社長を含む役員10名が報酬を一部返上
野村證券の奥田健太郎社長(野村ホールディングスグループCEO)は、同社の元社員による強盗殺人未遂事件の発覚を受け、自らの役員報酬30%を3か月分返上すると発表した。対象は奥田社長を含む役員10名にわたり、他の9人も報酬の20~30%を自主返上する異例の対応を取った。
奥田社長は3日の記者会見で「被害者や関係者に深くおわび申し上げる」と謝罪した上で、辞任については否定し、「信頼の回復に全力を尽くす」と述べた。
この報酬返上は、同社が抱える複数の不祥事にかかわる経営責任を明確化する意図とみられる。しかし、30%返上という措置が妥当であるかは議論の余地がある。

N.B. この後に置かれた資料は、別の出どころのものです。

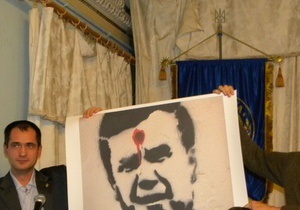 На языковом форуме в Киеве растянули баннер с изображением Януковича с красной точкой на лбу
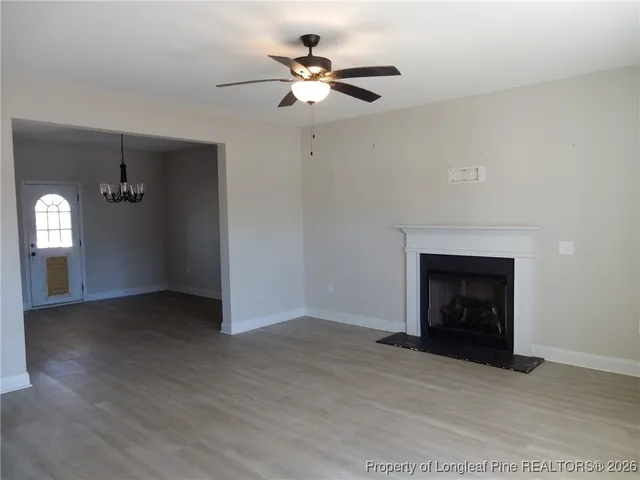 a living room with a fireplace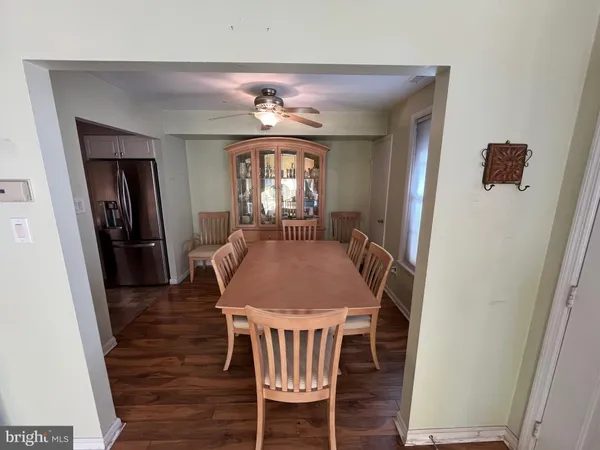 a dining room with furniture a chandelier and wooden floor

奥田社長の2024年の報酬額は5億600万円で、好業績をうけて前年から31%増加していた。返上後の報酬額が昨年を上回る可能性があることは皮肉と言わざるを得ない。また、野村證券ホールセール部門長であるクリストファー・ウィルコックス氏の報酬が17億3400万円(1200万米ドル)にのぼることも開示されているが、同社の報酬体系が事件後の企業倫理の在り方と乖離していると指摘されても仕方がない。
強盗未遂事件と揺らぐ顧客信頼
奥田社長が報酬返上を表明した背景には、野村證券の元社員による重大事件がある。この社員は2018年に新卒で入社し、2022年から広島支店で営業活動を担当していたが、今年7月、高齢の顧客夫婦の自宅に放火し、現金を奪おうとしたとして逮捕された。事件当時、元社員は社内ルールに反し、休日に顧客宅を無断訪問していたことが確認されている。

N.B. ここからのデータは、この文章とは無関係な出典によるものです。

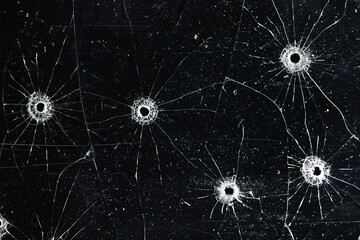 Fototapeta premium Bullet holes on black glass, overlay design background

また、顧客の証券口座200件以上を調査した結果、金銭的な被害は確認されなかったとするが、事件自体が顧客との信頼関係を著しく損なうものである点に変わりはない。証券会社にとって、顧客の信頼はビジネスの根幹にかかわるだけに、今回の事件がもたらす長期的な影響は計り知れない。
相場操縦も浮上、不祥事の連鎖
さらに、野村證券は金融庁から国債先物取引をめぐる相場操縦により課徴金納付命令を受けるなど、不祥事が相次いでいる。証券会社は金融市場の健全性を守る役割を担うべき存在であり、繰り返される内部管理の不備は業界全体に対する信頼をも損なう。奥田社長も「事案の続発を真摯に受け止めている」と語り、再発防止策を発表した。

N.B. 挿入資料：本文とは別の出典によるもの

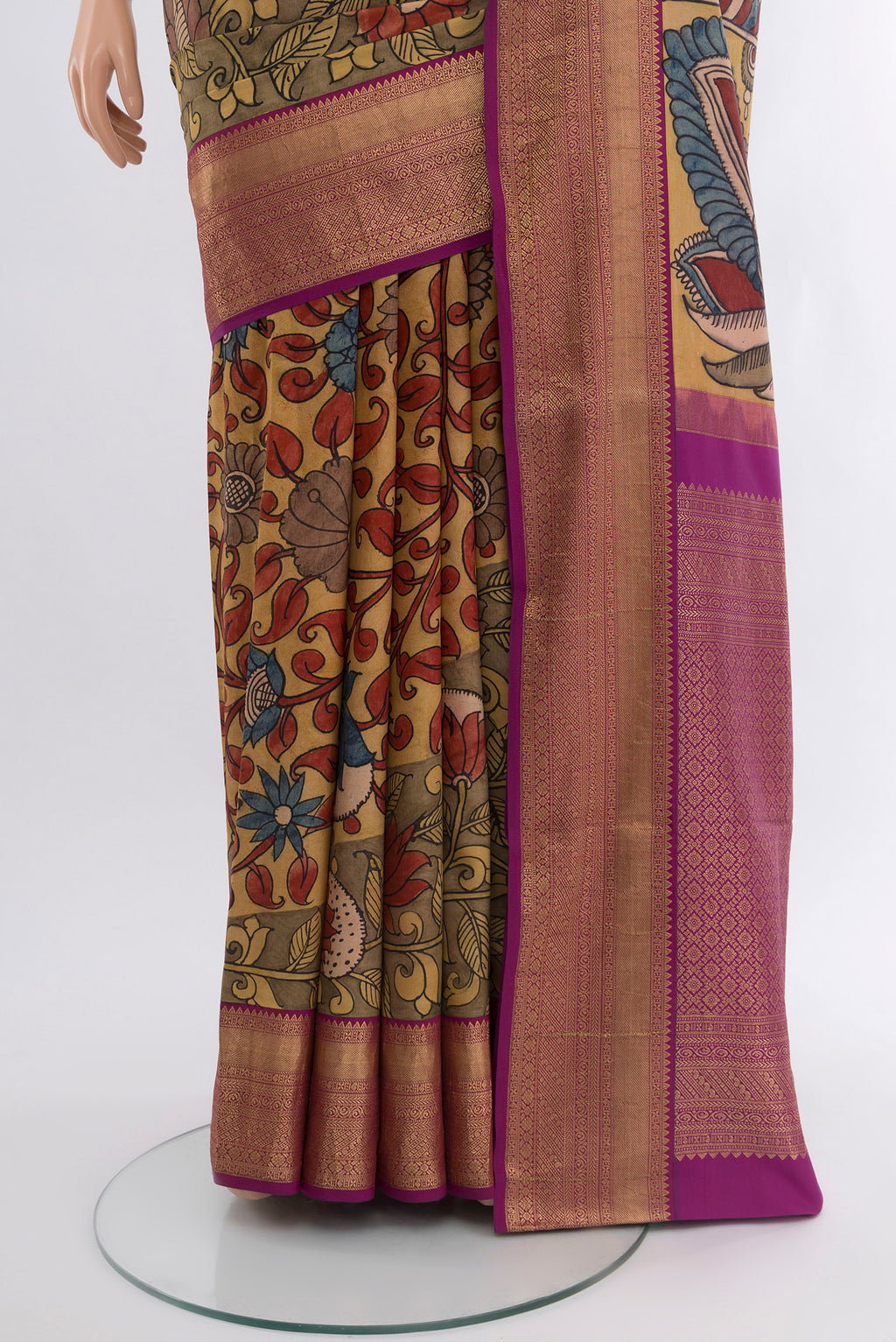 Pleats and pallu of Brown Kanjivaram Silk Saree with Floral Print on the body and Zari Border.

再発防止策として、営業社員に年1回5営業日連続の長期休暇を義務付け、その間に他の社員が顧客を担当して不正の有無を確認する仕組みを導入する。また、顧客宅訪問時の管理職による確認や、会社が貸与する携帯電話のモニタリング強化なども進めるという。しかし、これらの対策が実効性を持つかどうかは未知数であり、形式的な対応に終わらせないことが重要だ。
コーポレートサイトではこのほか全部で11の対応策が開示された。業務改革推進委員会の設置や全社員との個別ミーティングの実施、人事評価の見直し、採用プロセスの高度化などがあげられている。
経営トップの責任と倫理観が問われる
今回の事件は、一社員の不祥事を超え、企業としての管理体制の不備や経営者の責任の在り方を浮き彫りにした。好業績を背景とした役員報酬の増加が批判を浴びる中、報酬減額の措置が本当に責任を果たしたと言えるのか、奥田社長にはさらなる説明責任が求められる。
顧客との信頼関係を再構築するには、経営トップ自らが自らの行動でその意志を示すしかない。事件がもたらした影響は、単なる報酬減額では回復できないほど深刻である。金融業界全体にわたる問題提起として、この事件をどう受け止めるかが問われている。